Here are some signs that may indicate your baby has separation anxiety:


  • Interrupted sleep: Babies with separation anxiety often wake up more frequently during the night and cry out for you, even if they previously slept through the night. This developmental change, occurring roughly between nine to 18 months, means they need more reassurance, especially at night. Your baby might also struggle to fall asleep despite following her usual bedtime routine.
  • Early morning wake-ups: Separation anxiety can cause your baby to wake up early and struggle to go back to sleep unless she’s with you. While exhausting, this behaviour signifies a strong attachment to you, indicating that your child is on the path to becoming confident and independent.
  • Distress when left with others: Dropping your baby off at the childminder or nursery might become difficult, even if she was previously fine with it. She may also be reluctant to go to others, including her dad. Upset when left alone: Your baby might start crying as soon as you step away, even for a minute.
  • Reluctance to play alone: If your baby suddenly loses interest in her favourite toys, it could be a sign of anxiety. She might want you to play with her more often, which, though time-consuming, helps reassure her that you’re not going anywhere.
  • Extreme crying: All babies and children cry, but separation anxiety can make them more emotional than usual. Although it’s tough to see your child cry, this phase is temporary.

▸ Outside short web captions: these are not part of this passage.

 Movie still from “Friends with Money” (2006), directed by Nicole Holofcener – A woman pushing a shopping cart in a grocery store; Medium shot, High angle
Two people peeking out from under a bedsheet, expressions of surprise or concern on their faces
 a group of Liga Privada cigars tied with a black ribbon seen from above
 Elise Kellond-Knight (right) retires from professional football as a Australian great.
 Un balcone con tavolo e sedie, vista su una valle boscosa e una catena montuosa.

So, what can you do to help your baby overcome separation anxiety as easily as possible?

Here are some tips to deal with separation anxiety in small children.


  • Establish a Consistent Routine


Maintaining a regular daily routine to provide a sense of security and predictability for your baby. Implement calming bedtime rituals such as a warm bath, gentle lullabies, or reading a favourite book to ease the transition to sleep.


  • Practice Short Separations


Start with short separations and gradually increase the time you spend apart to help your baby get used to being away from you. Also, when leaving your little one, keep your goodbyes short and positive, avoiding long, emotional farewells. It’s also crucially important to always say goodbye to your baby instead of sneaking away when they’re not looking. This helps build trust and reduces anxiety in the long run.


  • Use Comfort Objects

Introduce a comforting object that your baby can hold onto when you’re not around can provide reassurance and a sense of security. You can also leave an item of clothing or a blanket that smells like you to help your baby feel your presence even when you’re not there.


  • Create a Safe Environment


Always ensure that the environment where you leave your baby is familiar and comfortable, with some of their favourite toys and objects around. Leave your baby with caregivers they know and trust to help ease their anxiety.


  • Stay Calm and Positive


Babies pick up on their parents’ emotions, so try to stay calm and positive during separations to help your baby feel more at ease. Support your baby’s independence with praise and encouragement when they manage short periods of separation without distress.

  • Reassure and Return


If your baby wakes up crying in the night, go in to offer brief reassurance without making a fuss. Check on them calmly and then leave. Always return when you say you will, which helps build your baby’s trust and confidence that you’ll come back.


  • Play Peekaboo


Engage in games like this will help your baby understand that people come back after leaving, making separations less scary.


By incorporating these strategies, you can help your baby navigate separation anxiety more smoothly, fostering a sense of security and independence over time. Finally, always remember that separation anxiety is a normal developmental stage and will naturally get easier within a few months. If you need additional support, however, make sure you consult your health visitor.